= Work request =
From the records below, output exactly the lines running from the line containing "Suspension sur câble" through the line containing "HOMELODY Duschsystem mit", and no others.

= Material for this task =
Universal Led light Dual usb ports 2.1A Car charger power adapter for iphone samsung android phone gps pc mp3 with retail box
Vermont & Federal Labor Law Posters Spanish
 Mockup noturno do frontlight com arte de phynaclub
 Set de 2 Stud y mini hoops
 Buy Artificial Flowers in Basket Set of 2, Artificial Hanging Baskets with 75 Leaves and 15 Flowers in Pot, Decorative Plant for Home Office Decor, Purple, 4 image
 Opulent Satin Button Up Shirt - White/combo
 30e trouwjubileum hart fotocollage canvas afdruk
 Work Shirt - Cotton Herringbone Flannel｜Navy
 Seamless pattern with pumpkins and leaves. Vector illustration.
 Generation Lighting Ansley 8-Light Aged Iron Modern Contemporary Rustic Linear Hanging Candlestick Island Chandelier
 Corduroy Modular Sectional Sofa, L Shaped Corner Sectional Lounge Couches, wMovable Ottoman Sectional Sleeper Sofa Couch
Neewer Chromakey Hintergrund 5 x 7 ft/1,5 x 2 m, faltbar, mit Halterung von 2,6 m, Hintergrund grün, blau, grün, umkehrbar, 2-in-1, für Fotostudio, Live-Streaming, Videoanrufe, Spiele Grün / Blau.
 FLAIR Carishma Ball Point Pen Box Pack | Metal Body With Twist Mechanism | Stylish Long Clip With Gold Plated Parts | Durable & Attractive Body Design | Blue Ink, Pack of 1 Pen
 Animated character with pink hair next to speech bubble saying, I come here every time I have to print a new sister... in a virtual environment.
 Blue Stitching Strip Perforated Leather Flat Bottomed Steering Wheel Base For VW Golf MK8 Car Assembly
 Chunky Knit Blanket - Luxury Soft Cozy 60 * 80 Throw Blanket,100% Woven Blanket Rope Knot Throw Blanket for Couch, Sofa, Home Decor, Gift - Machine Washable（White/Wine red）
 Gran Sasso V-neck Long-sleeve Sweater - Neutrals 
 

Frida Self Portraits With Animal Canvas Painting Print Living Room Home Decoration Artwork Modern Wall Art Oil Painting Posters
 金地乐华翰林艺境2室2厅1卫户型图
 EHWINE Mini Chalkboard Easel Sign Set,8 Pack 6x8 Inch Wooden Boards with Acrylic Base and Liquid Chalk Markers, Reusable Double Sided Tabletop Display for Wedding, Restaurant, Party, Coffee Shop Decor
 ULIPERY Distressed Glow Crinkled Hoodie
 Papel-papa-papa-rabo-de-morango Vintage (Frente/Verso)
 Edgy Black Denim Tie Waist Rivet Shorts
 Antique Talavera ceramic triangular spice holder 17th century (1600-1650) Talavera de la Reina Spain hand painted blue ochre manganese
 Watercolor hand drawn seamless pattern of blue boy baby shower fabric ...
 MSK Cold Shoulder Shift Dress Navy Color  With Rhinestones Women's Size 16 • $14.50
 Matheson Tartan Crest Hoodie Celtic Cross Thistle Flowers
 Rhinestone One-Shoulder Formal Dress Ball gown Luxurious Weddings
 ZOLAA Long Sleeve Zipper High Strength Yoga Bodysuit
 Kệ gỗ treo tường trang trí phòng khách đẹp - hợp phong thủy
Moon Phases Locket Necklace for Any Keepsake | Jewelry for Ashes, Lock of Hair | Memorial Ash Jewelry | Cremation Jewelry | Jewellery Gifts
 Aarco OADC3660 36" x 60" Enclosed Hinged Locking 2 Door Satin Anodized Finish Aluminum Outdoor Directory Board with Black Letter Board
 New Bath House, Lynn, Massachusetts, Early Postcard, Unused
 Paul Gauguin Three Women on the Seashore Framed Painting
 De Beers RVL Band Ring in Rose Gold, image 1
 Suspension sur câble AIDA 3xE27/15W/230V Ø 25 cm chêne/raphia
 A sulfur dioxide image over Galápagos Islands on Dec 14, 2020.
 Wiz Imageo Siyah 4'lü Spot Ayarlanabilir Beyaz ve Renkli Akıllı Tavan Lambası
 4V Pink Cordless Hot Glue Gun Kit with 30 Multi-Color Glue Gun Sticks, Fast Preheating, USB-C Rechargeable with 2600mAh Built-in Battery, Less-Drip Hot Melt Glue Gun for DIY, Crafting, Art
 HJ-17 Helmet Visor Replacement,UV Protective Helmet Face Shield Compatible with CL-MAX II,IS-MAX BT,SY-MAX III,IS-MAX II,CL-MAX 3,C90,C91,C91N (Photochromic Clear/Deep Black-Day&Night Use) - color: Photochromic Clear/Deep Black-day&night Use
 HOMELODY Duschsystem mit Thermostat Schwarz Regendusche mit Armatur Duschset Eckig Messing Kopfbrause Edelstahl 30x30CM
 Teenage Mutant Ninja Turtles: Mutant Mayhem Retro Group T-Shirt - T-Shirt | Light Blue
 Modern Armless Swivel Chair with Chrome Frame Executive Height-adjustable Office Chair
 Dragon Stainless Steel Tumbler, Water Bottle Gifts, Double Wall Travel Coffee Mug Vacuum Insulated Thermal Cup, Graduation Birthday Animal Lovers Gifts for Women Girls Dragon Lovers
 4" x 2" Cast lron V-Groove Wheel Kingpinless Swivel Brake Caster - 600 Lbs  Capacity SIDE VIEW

= Written response =
 Suspension sur câble AIDA 3xE27/15W/230V Ø 25 cm chêne/raphia
 A sulfur dioxide image over Galápagos Islands on Dec 14, 2020.
 Wiz Imageo Siyah 4'lü Spot Ayarlanabilir Beyaz ve Renkli Akıllı Tavan Lambası
 4V Pink Cordless Hot Glue Gun Kit with 30 Multi-Color Glue Gun Sticks, Fast Preheating, USB-C Rechargeable with 2600mAh Built-in Battery, Less-Drip Hot Melt Glue Gun for DIY, Crafting, Art
 HJ-17 Helmet Visor Replacement,UV Protective Helmet Face Shield Compatible with CL-MAX II,IS-MAX BT,SY-MAX III,IS-MAX II,CL-MAX 3,C90,C91,C91N (Photochromic Clear/Deep Black-Day&Night Use) - color: Photochromic Clear/Deep Black-day&night Use
 HOMELODY Duschsystem mit Thermostat Schwarz Regendusche mit Armatur Duschset Eckig Messing Kopfbrause Edelstahl 30x30CM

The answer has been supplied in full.